59 Soweit durch die Festlegung, dass diese Zahl der Unterrichtsstunden innerhalb eines bestimmten Zeitraumes erteilt worden sein müssen aber
gleichwertige, so gar fast identische Ausbildungsgänge ausgeschlossen werden, obwohl auch hier gewährleistet ist, dass die Ausbildung
planvoll, gestrafft und in einem organisierten Rahmen abläuft, ist dieses Kriterium nicht zulässig um auf diese Art und Weise Ausbildungsgänge
wie den Studiengang Pflegepädagogik aus dem Anwendungsbereich der Vergütungsgruppe VII Fallgruppe 12 in Verbindung mit der
Protokollnotiz Nr. 22 auszunehmen. Außer den bereits erwähnten wirtschaftlichen Gründen, die für den Studiengang Pflegepädagogik keine
Rolle mehr spielen, gibt es keinen sachlichen nachvollziehbaren Grund, diese Ausbildungsgänge nicht auch als einer mindestens einjährige
abgeschlossene Fachausbildung im Sinne der Vergütungsgruppe KR VII Fallgruppe 12 der Anlage 1 b zum BAT anzusehen.
60
Würden die Tarifvertragsparteien also eine Regelung des Inhaltes treffen, dass diese Studiengänge nicht zu einer Höhergruppierung
führen, so würden sie hiermit den verfassungsrechtlich gegebenen Spielraum verlassen.

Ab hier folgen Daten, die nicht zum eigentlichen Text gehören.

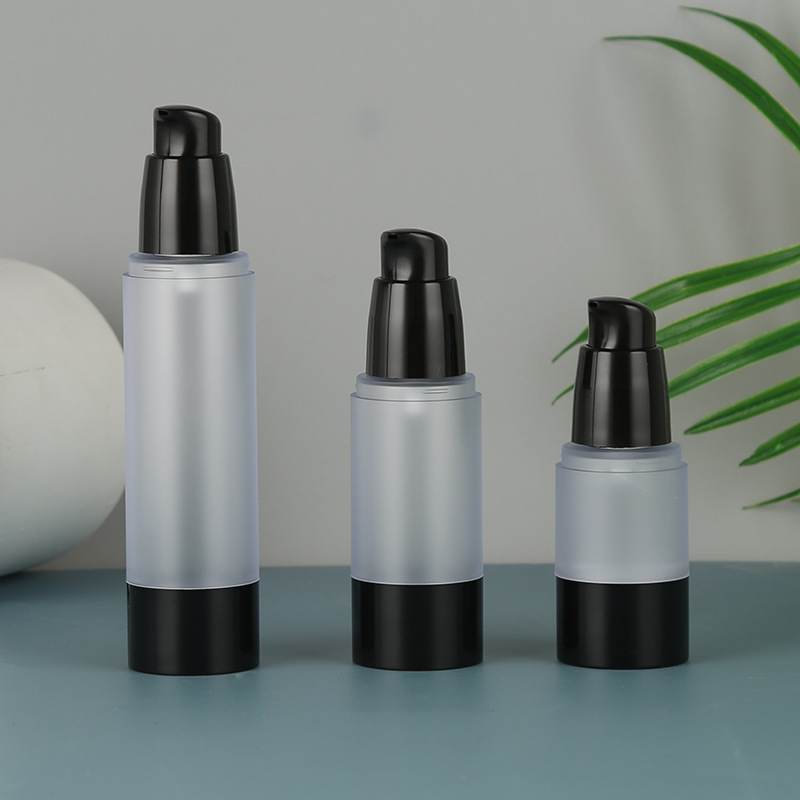 153050ml Transparent airless bottle with full cap  1.jpg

Aus diesem Grunde ist die Protokollnotiz Nr. 22
in der Hinsicht restriktiv wie oben vorgenommen auch aus verfassungsrechtlichen Gründen auszulegen.
61
Nach dem Gesagten hat der Kläger also Anspruch auf die Eingruppierung in die Vergütungsgruppe KR VII, Fallgruppe Nr. 12 der
Anlage 1 b zum BAT. Diesen Anspruch hat er seit dem 03.03.1999, weil er zu diesem Zeitpunkt die Ausbildung abgeschlossen hat und
diesen Anspruch auch rechtzeitig geltend gemacht hat.
62 Kostenentscheidung beruht auf § 91 Abs. 1 ZPO. Danach hat die Beklagte die Kosten des Rechtsstreits zu tragen, da sie unterlegen ist.
63 Der Streitwert war nach § 12 Abs. 7 S. 2 ArbGG festzusetzen. Er beträgt das 36fache der monatlichen Differenz der Vergütungsgruppe VI und VII.